16-825 Learning for 3D Vision • Fall 2025
Name: Haejoon Lee (andrewid: haejoonl)

Assignment 4: 3D Generation with Score Distillation Sampling

Table of Contents

Part 1: 3D Gaussian Splatting

1.1.5 3D Gaussian Rasterization (35 points)

Implemented a 3D Gaussian rasterization pipeline in PyTorch, including projection of 3D Gaussians to 2D, evaluation of 2D Gaussians, filtering and sorting, alpha and transmittance computation, and splatting for color blending.

Implementation Overview

The rasterization pipeline consists of several key steps:

  1. Project 3D Gaussians to 2D: Compute 2D mean and covariance from 3D Gaussian parameters using camera projection
  2. Evaluate 2D Gaussians: Compute the power (exponent) of 2D Gaussian at each pixel location
  3. Filter and Sort: Filter Gaussians behind the camera and sort by depth
  4. Compute Alphas and Transmittance: Calculate alpha values and transmittance for proper alpha blending
  5. Perform Splatting: Blend colors using alpha and transmittance values

Results

3D Gaussian rendering without spherical harmonics

Rendering of pre-trained 3D Gaussians (view-independent, DC component only)

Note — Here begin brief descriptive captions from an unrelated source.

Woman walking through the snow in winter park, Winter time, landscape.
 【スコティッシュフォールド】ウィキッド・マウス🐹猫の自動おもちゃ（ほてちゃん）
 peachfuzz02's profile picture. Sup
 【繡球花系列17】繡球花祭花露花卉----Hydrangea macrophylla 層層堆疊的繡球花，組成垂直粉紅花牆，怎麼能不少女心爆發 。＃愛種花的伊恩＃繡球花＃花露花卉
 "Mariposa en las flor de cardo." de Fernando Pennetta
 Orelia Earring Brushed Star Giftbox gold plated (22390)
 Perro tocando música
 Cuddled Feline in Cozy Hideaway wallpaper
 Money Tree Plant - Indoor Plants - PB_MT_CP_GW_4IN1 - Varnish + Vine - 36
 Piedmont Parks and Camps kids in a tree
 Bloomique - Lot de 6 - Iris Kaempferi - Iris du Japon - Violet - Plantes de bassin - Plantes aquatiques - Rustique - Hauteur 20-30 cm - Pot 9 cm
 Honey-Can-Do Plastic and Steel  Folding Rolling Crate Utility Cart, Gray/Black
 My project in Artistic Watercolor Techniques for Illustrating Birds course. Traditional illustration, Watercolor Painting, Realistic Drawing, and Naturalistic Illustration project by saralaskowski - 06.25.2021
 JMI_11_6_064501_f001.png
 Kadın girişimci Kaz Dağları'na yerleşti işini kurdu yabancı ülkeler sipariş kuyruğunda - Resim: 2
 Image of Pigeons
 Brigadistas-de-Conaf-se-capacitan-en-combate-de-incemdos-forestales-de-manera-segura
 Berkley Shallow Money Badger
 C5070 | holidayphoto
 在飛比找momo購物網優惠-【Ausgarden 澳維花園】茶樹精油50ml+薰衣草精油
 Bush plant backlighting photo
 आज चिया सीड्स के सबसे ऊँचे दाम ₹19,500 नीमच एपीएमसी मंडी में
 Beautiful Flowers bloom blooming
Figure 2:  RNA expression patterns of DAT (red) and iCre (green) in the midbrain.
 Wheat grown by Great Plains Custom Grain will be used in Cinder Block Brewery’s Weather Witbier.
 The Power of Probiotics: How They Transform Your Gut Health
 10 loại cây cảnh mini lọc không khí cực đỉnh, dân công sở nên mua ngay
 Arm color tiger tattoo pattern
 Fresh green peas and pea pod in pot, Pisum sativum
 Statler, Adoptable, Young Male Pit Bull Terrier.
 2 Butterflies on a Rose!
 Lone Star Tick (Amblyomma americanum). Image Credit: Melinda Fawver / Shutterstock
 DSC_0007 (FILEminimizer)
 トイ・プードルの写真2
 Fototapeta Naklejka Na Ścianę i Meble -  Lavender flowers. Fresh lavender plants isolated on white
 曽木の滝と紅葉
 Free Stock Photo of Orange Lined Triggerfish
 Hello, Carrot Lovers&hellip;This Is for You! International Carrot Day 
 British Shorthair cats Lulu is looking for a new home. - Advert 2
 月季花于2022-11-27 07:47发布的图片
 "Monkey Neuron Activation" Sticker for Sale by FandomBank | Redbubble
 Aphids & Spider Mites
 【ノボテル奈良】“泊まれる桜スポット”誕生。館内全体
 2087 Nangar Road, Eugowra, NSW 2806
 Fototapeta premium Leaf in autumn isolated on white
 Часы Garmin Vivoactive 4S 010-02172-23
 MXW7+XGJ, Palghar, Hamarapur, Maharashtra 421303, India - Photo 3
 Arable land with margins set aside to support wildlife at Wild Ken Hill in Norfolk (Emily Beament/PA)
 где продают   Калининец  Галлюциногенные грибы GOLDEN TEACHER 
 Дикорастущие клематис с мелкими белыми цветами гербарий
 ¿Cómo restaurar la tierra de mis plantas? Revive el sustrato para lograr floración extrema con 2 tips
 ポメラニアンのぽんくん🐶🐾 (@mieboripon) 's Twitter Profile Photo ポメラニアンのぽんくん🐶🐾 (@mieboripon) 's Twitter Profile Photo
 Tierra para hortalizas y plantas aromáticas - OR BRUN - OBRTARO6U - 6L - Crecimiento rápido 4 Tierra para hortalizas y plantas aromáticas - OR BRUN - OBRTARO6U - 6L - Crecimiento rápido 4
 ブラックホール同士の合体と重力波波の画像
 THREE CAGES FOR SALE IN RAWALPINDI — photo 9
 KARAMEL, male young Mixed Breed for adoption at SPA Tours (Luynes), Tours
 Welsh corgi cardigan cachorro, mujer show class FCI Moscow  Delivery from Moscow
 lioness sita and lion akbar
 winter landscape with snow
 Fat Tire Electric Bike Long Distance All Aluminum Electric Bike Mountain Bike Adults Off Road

1.2.2 Training 3D Gaussian Representations (15 points)

Implemented training code to optimize 3D Gaussians from multi-view images and a point cloud initialization. The training includes making parameters trainable, setting up optimizers with different learning rates, and implementing the forward pass with loss computation.

Training Details

Learning Rates Used

  • Means (positions): 0.0001 (smaller learning rate for stable geometry)
  • Opacities: 0.01 (larger learning rate for faster convergence)
  • Colors: 0.01 (larger learning rate for appearance)
  • Scales (for isotropic Gaussians): 0.005 (moderate learning rate)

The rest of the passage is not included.